Adjusted net income for the second quarter jumped 82% to a record $976 million, or $1.94 a share, topping analyst expectations. Free cash flow more than doubled to $1.31 billion, or $2.60 a share, Toronto-based Agnico said Wednesday after the close of stock market trading.
The company’s operating margin – which is calculated by deducting production costs from mining operations revenue – jumped 55% to a record $2.03 billion.
“The better financial results are mainly due to stronger operating results,” Scotia Capital mining analyst Tanya Jakusconek said in a note.
Agnico “continues to demonstrate strong quarterly results, maintaining its track record of meeting or exceeding quarterly expectations while remaining focused on cost control to expand margins,” added Shane Nagle, a mining analyst at National Bank Financial.
Shares of Agnico about rose 0.8% to C$172.01 Thursday in Toronto, boosting the company’s market capitalization to about C$86.5 billion. The stock has gained about 46% this year, topping the 9.5% gain of the benchmark S&P/TSX Composite Index.
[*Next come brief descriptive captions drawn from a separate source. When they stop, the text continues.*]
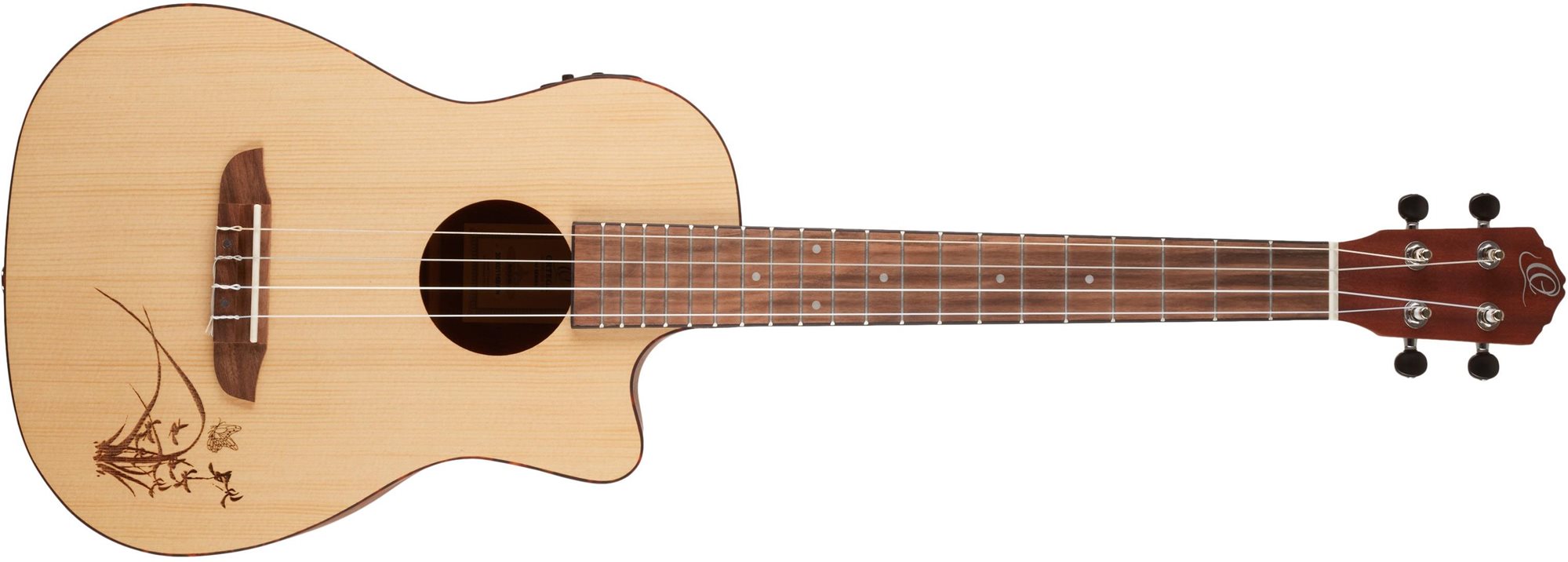 ORTEGA RU5CE-BA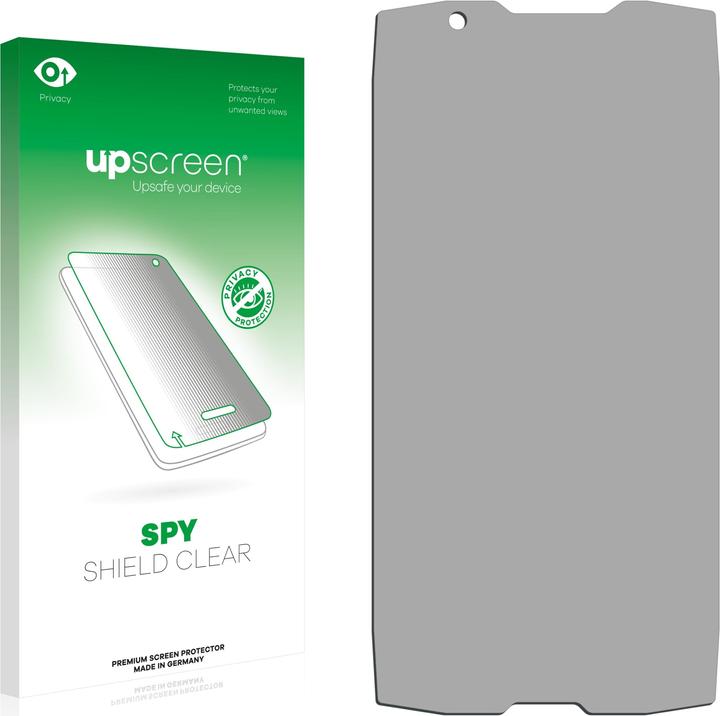 Produktbild upscreen Spy Shield Blickschutzfolie (1 Stück, Crosscall Core X5)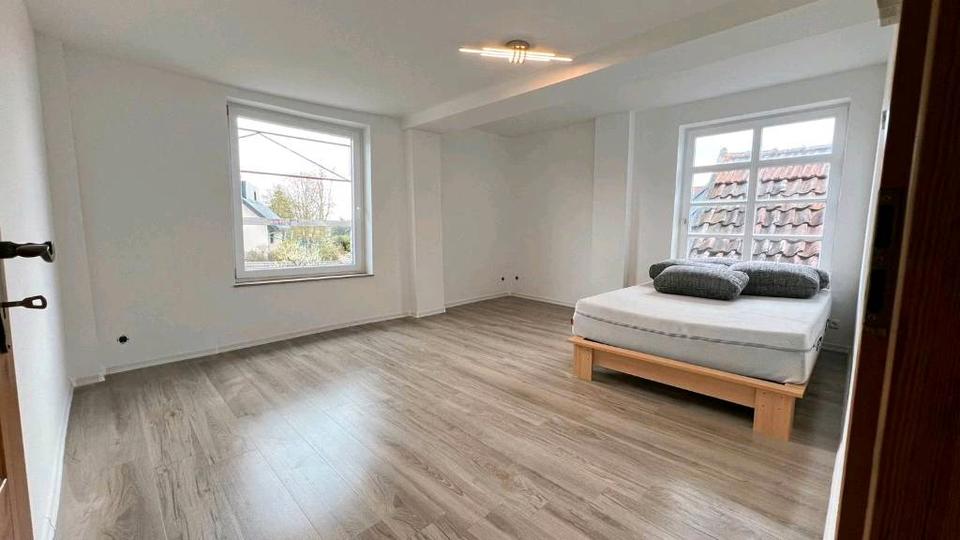 Maisonettenwohnung Schwalmstadt - 2 Zimmer, 45 m&sup2;, 395&euro; | Angebot:26286135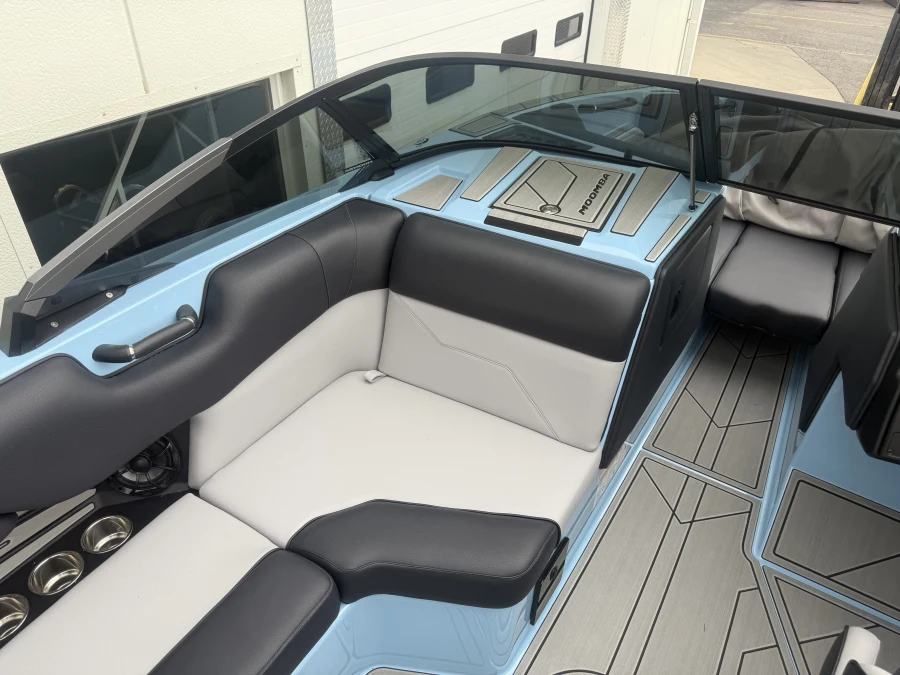 2025 Moomba Boats MAX for sale in Salt Lake City, Utah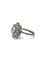 Bague 49 Bague ancienne or et diamants 3,30 ct 58 Facettes 00035401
Rising gold prices only explain part of the profit improvement. Agnico’s realized gold price averaged $3,288 during the second quarter, about 38% more than the $2,342 average from the same period a year ago. That outstripped a 5.7% increase in production costs to $911 per ounce.
Quarterly gold production fell 3.3% to 866,029 oz. primarily due to lower production from the Canadian Malartic mines and Meadowbank mines in Canada, and Fosterville in Australia, Agnico said. Longer-than-expected Caribou migration in Nunavut, which affected both mining and milling operations at Meadowbank, curtailed output.
Gold sales also declined, falling 3.1% to 846,835 oz. from 874,230 oz. in the same period a year ago.
Agnico’s second-quarter performance “reflects the strength of the gold price environment, our disciplined cost management and the consistency of our operational execution,” CEO Ammar Al-Joundi said in the statement. “We remain focused on executing on our 2025 guidance and advancing our key growth projects to drive long-term value creation.”
Toronto-based Agnico said it expects to produce between 3.3 million and 3.5 million oz. of gold this year, unchanged from an earlier target. All-in sustaining costs should range from $1,250 to $1,300 per oz., the company added.
Excluding capitalized exploration, capital expenditures should range from $1.75 billion to $1.95 billion this year, Agnico also said. Including capitalized exploration, the figure rises to between $2.04 billion and $2.26 billion.